## Your task:
Transcribe each entry. Change nothing.

## Short descriptive text snippets:
▬▬▬
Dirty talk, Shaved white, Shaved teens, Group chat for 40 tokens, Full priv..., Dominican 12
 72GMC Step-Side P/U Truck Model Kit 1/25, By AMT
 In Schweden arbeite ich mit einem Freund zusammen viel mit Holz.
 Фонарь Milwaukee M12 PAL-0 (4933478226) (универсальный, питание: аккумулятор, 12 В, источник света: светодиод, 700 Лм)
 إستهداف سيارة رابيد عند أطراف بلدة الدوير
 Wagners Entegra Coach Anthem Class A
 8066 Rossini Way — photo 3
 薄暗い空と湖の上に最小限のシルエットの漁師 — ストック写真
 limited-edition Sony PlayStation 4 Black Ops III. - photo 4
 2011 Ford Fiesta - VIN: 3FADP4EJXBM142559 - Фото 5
▬▬▬
## Answer to this problem:
Dirty talk, Shaved white, Shaved teens, Group chat for 40 tokens, Full priv..., Dominican 12
 72GMC Step-Side P/U Truck Model Kit 1/25, By AMT
 In Schweden arbeite ich mit einem Freund zusammen viel mit Holz.
 Фонарь Milwaukee M12 PAL-0 (4933478226) (универсальный, питание: аккумулятор, 12 В, источник света: светодиод, 700 Лм)
 إستهداف سيارة رابيد عند أطراف بلدة الدوير
 Wagners Entegra Coach Anthem Class A
 8066 Rossini Way — photo 3
 薄暗い空と湖の上に最小限のシルエットの漁師 — ストック写真
 limited-edition Sony PlayStation 4 Black Ops III. - photo 4
 2011 Ford Fiesta - VIN: 3FADP4EJXBM142559 - Фото 5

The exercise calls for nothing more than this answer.